# Once again..



## Judi (Feb 26, 2007)

*I wish I could rescue more.*

I have four pets.


----------



## BeauShel (May 20, 2007)

Hopefully the rescue will be able to take that sweet pup. That woman should be ashamed of herself.


----------



## mylissyk (Feb 25, 2007)

Thank goodness there are people like you who take action when they see a dog in need. I don't understand people's thought process to let a dog get in that condition and do nothing.

I hope the owner will give her to rescue.


----------



## Heidi36oh (Feb 27, 2007)

mylissyk said:


> Thank goodness there are people like you who take action when they see a dog in need. I don't understand people's thought process to let a dog get in that condition and do nothing.
> 
> I hope the owner will give her to rescue.
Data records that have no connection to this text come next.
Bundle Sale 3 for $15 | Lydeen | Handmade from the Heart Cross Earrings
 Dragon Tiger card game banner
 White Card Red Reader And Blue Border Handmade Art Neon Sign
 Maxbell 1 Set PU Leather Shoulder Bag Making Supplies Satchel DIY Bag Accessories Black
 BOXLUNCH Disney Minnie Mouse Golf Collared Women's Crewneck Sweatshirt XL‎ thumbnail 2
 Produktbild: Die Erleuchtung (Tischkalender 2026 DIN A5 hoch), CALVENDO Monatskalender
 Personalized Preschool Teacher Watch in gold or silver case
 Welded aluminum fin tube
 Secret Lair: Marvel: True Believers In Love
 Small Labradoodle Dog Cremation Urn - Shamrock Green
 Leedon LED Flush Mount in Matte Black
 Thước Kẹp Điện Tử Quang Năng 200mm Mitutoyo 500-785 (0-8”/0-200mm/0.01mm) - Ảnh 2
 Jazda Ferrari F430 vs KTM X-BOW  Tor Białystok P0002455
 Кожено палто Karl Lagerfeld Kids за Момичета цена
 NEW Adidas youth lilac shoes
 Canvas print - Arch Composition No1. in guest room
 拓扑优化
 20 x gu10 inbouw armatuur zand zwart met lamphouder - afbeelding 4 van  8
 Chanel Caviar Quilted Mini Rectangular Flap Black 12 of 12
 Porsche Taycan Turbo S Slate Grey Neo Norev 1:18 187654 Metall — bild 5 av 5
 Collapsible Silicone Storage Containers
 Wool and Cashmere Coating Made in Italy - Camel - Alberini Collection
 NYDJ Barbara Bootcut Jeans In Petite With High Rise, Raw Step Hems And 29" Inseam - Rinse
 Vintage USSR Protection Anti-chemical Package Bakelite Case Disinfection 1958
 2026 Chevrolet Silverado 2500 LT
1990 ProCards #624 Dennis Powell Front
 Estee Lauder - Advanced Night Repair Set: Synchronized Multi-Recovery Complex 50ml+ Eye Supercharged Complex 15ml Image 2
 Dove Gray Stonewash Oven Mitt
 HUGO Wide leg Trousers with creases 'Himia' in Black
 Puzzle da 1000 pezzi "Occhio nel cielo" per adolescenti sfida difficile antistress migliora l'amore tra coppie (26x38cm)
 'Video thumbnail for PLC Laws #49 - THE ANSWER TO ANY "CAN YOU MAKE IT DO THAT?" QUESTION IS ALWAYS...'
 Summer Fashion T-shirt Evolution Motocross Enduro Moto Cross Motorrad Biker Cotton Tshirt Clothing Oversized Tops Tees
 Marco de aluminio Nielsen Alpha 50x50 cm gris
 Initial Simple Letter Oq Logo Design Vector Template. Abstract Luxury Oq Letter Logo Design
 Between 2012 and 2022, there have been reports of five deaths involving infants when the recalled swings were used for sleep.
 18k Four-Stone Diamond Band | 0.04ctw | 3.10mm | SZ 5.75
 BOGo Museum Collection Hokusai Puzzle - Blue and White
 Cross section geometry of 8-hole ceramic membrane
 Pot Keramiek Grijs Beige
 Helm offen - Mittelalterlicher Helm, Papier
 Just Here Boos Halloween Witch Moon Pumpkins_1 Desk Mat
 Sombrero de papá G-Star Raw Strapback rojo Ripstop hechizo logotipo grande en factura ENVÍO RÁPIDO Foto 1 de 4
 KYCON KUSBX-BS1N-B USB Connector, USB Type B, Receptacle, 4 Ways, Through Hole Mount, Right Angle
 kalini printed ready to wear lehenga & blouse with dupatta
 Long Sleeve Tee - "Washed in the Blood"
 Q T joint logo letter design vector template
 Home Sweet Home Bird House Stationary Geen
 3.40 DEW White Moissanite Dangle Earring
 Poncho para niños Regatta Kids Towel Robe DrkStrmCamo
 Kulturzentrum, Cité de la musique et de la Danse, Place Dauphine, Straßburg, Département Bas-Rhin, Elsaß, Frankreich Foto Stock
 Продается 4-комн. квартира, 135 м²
I hope that she will give her to the rescue, she really can't afford any of the dogs, so hopefully they get her out :crossfing


----------



## Jen (Jun 2, 2007)

my fingers are crossed for you! Please keep us updated :crossfing


----------



## Heidi36oh (Feb 27, 2007)

They got her out, she's in a foster home for now. Seen the vet already and it's a combination of flees and allergies, she also got a couple shots of antibiotics and steroids to help heal her. Kathy (the lady that has her) got her all cleaned up, I talked to her tonight. She said she is so precious she might just keep her.:crossfing Hope she does.


----------



## BeauShel (May 20, 2007)

If she does keep her that means there is another one out there for you to rescue.  I am glad they were able to get her out and get her all fixed up.


----------



## Karen519 (Aug 21, 2006)

*Heidi*

Heidi:

Thank you for saving that poor dog!

People like that make me so mad.


----------



## Maggies mom (Jan 6, 2006)

Heidi ...Great job...Thanks for helping this poor girl out...... Some people just piss me off ....... How hard is it to put flea meds on this girl.........:uhoh::uhoh::uhoh:


----------



## Heidi36oh (Feb 27, 2007)

Good news, my foster mom Kathy is keeping her, she said she is such a sweet girl just want's attention and love. Her wounds are starting to heel up and she's happy where she's at. I will go see her soon so I'll get some pictures.


----------



## Karen519 (Aug 21, 2006)

*Yeh!!*

Yeh For Kathy the Foster Mom!!

I am so happy for this sweet girl!!

What is her name??


----------



## Heidi36oh (Feb 27, 2007)

Karen519 said:


> Yeh For Kathy the Foster Mom!!
> 
> I am so happy for this sweet girl!!
> 
> What is her name??


Camron..I know weired name.LOL


----------